And he began to teach them that the Son of Man must suffer many things and be rejected by the elders and the chief priests and the scribes and be killed, and after three days rise again. (Mark 8:31, ESV)
And now Peter who made the great and true confession of Jesus shows his true colors.  He shows he doesn’t really understand what Jesus is all about.  He shows he doesn’t know what it means to be a Theologian of the Cross.  He rebukes Jesus.  Now that’s a word we don’t use too much anymore.  But to rebuke means to put in place.  Think of it in terms of the way you and I think.  Someone says something that we don’t agree with and we use our tongue to take them down a peg.  Put them in their place.  That’s what Peter is thinking he’s doing.  “Jesus you don’t know what you are talking about!”  This is you and me.  Peter is doing only what people do naturally.  He’s being a theologian without a cross.  After all that’s what he doesn’t like about what Jesus is saying.  (Mark makes sure we know it’s not just a misunderstanding about what Jesus said. He adds that important detail, And he said this plainly”).  Peter is perfectly happy with Jesus being “the Christ” unless it means Jesus’ suffering and death.  “Not on my watch!” He says.
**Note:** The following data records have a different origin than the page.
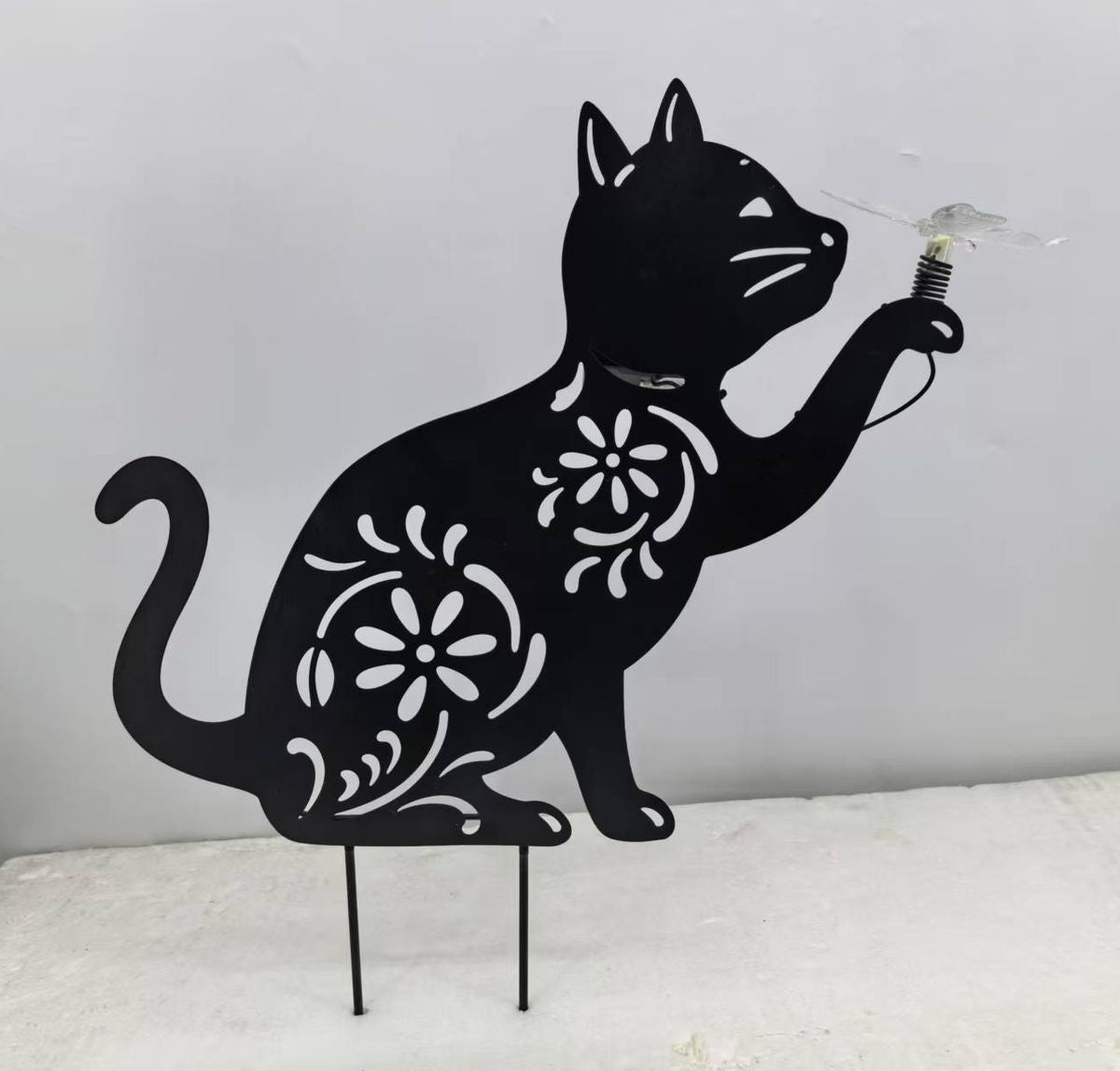 cortex-london-york-cat-design-solar-stake-light-steel-cut-ornament
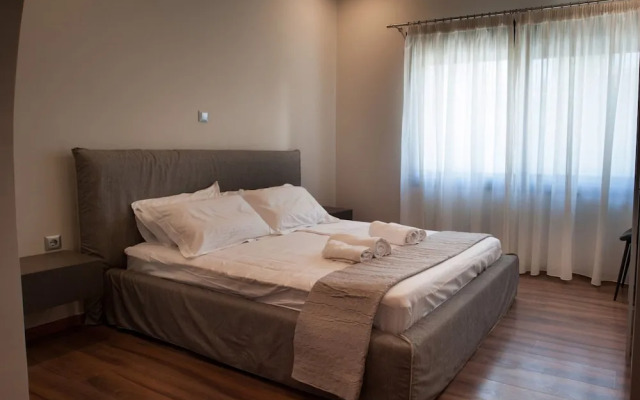 Sia s Retreat 2 in Nea Smirni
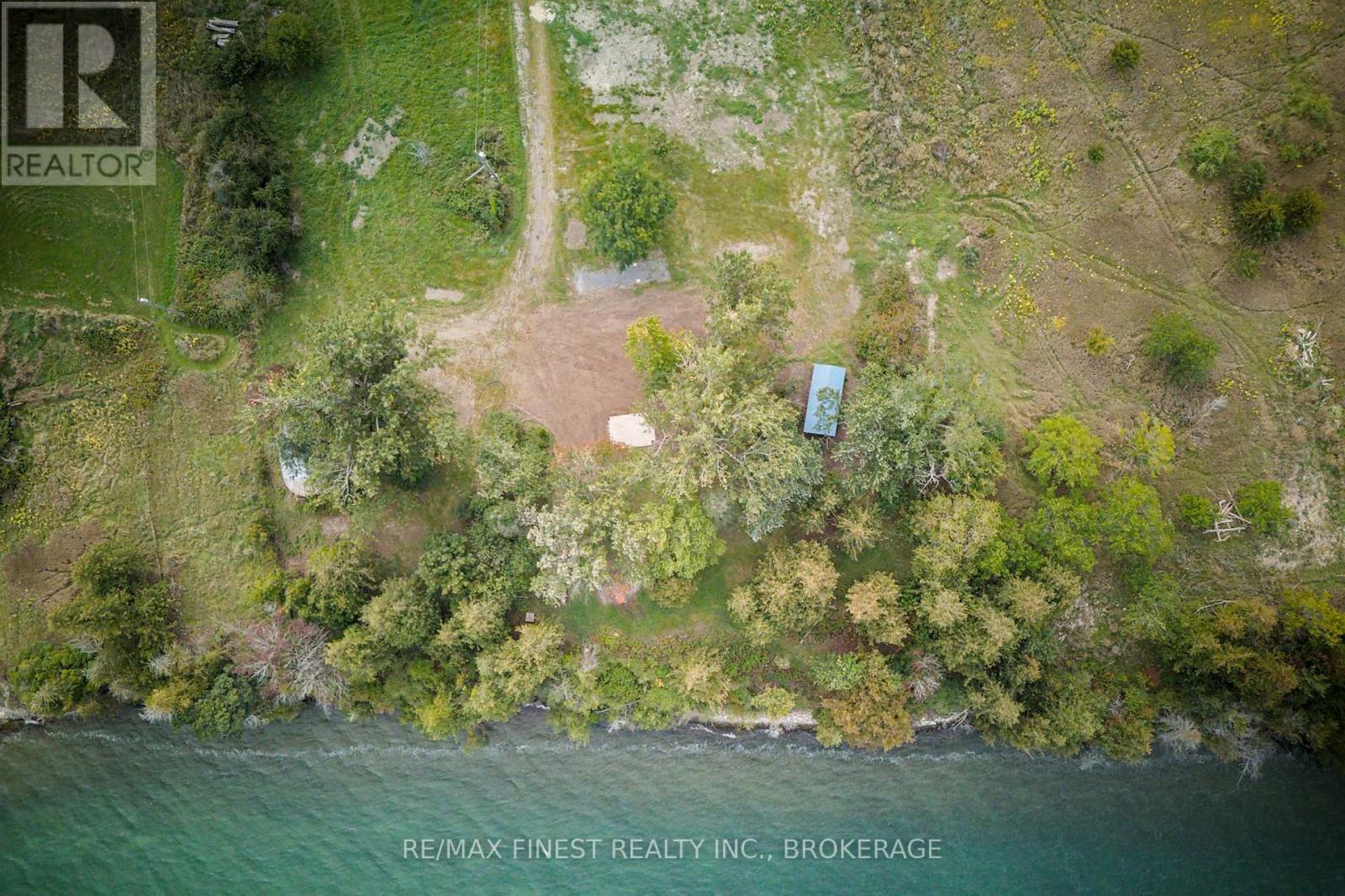 1600 Front Road Property Photo 3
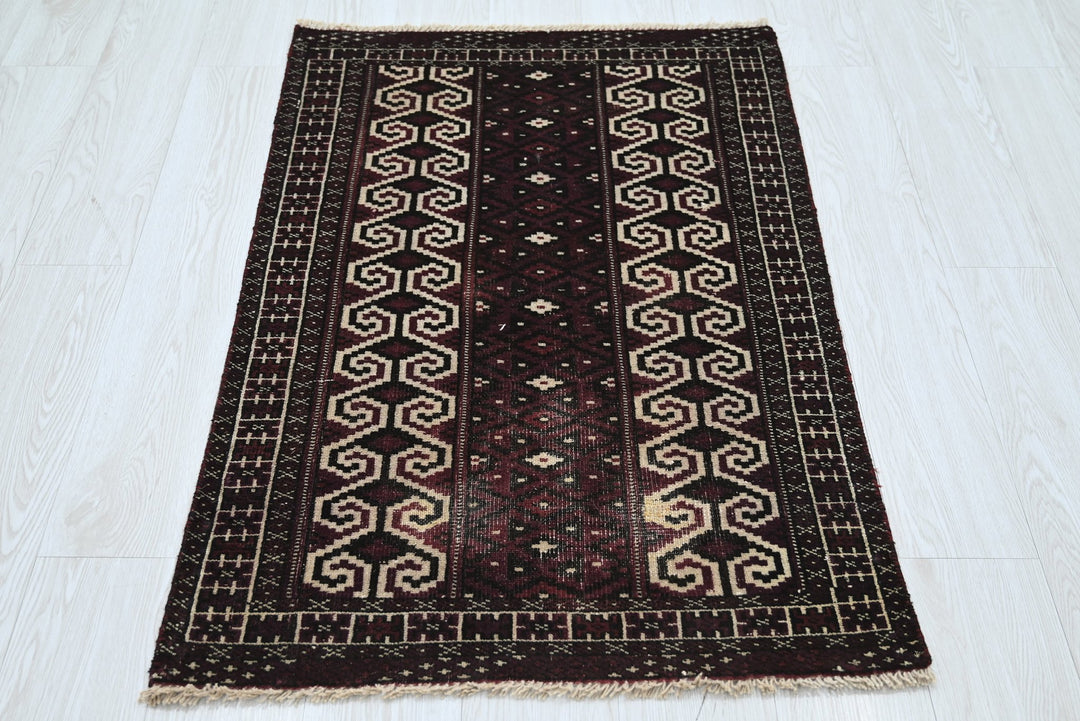 purple Accent rug 2' 6" x 3' 9"
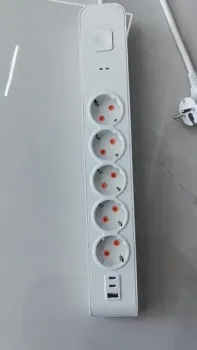 5-Way Ext Socket with 3.4A USB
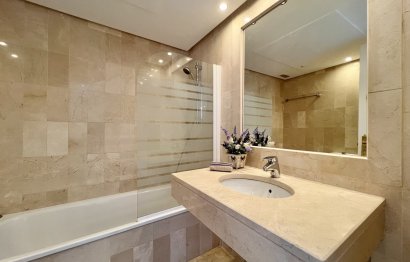 Resale - Apartment - Top Floor Apartment - Estepona - El Presidente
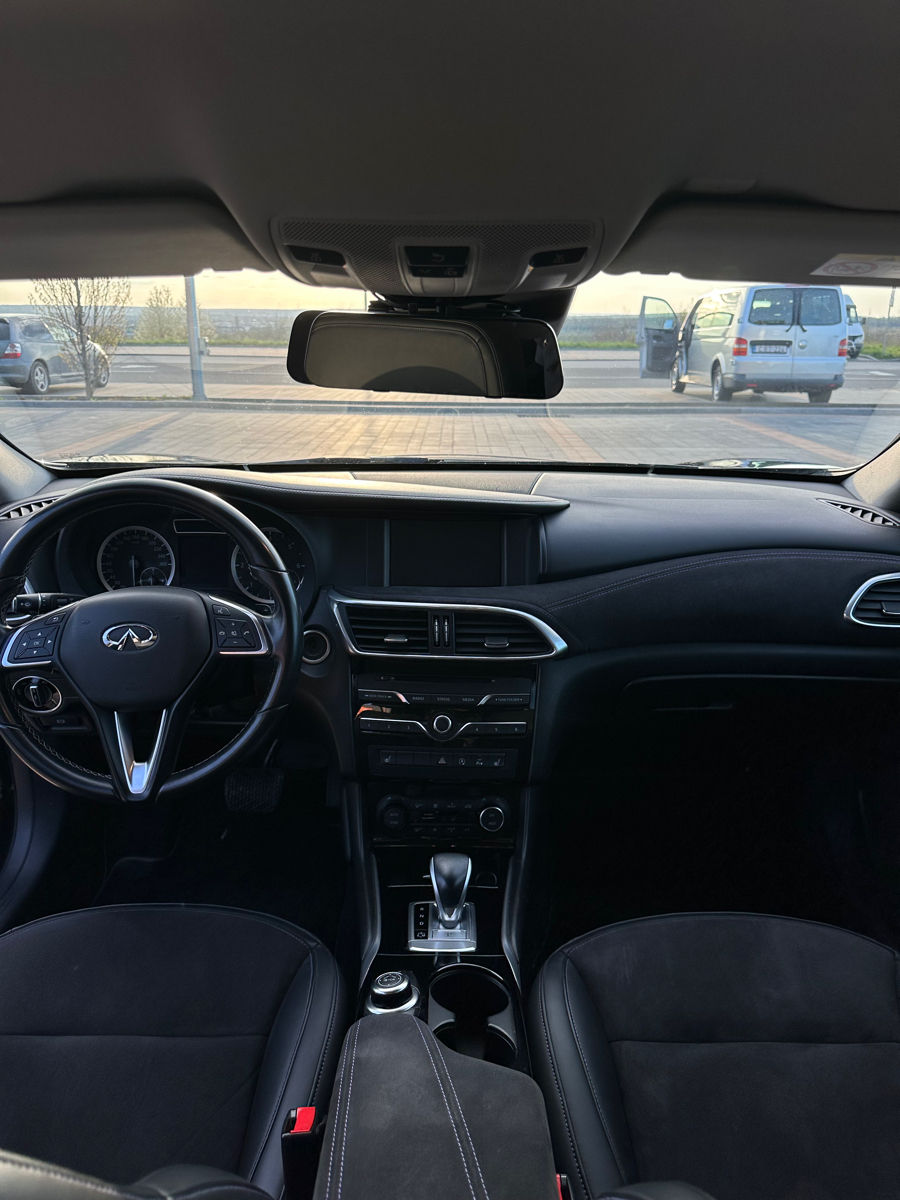 Infiniti Q30 фото 5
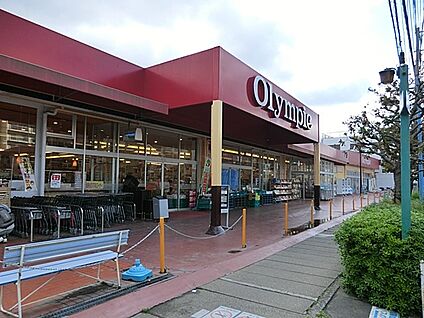 オリンピック行徳店 300m(4分)
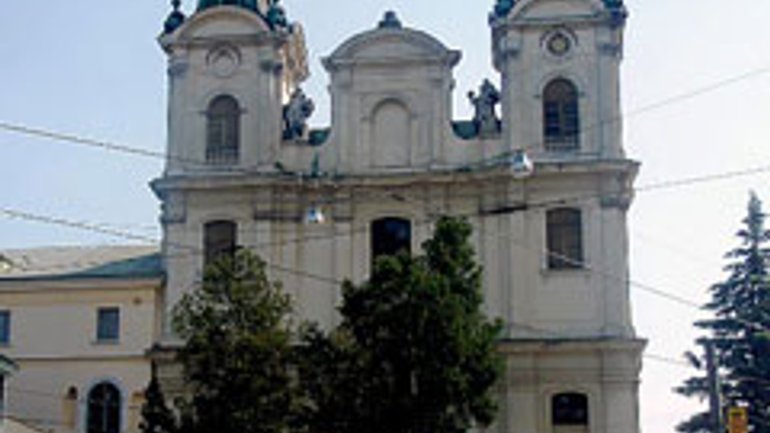 Римо-католики пікетували Львівську міську раду - фото 1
It’s hard to blame him either.  Things were just starting to look up.  Lot’s of people were gathering around the numbers looked good.  He was pretty well set as the top of the twelve.  Jesus new kingdom was going to have Peter as a pretty important person in it.  People were going to be looking up to him.  That’s exactly what a Theologian of Glory is.  It’s not God’s glory that’s in focus. It’s self glory.  That is how you and I think, too.  We put ourselves at the center of our god-thinking, our theology.  We think we can figure out stuff about God by how our life is going.  If stuff is going good, if we have all the money we need and even extra for stuff we don’t need, we think that God is blessing us because he’s happy with the way we are behaving.  What we are doing is bringing God down to our level.  We think he works the way everything else in life works.  You know; the American work ethic.  If you work hard you’ll have nice things.  The football hero gets the prom queen.  The good student gets good grades, goes to a good school, and gets a good job (that’s no where near Northrup), a beautiful wife, a SUV, 2.5 kids and a weekend house by the lake and one to live in every other day. All this, we think, shows God smiling down on us.  Or maybe this is a little closer to home.  If the church is working the way we want it to work, if there’s no conflict, if the budget is balanced, if there’s a bunch of new members looking to come in, if everyone feels good about what’s going on here, then God is blessing our congregation.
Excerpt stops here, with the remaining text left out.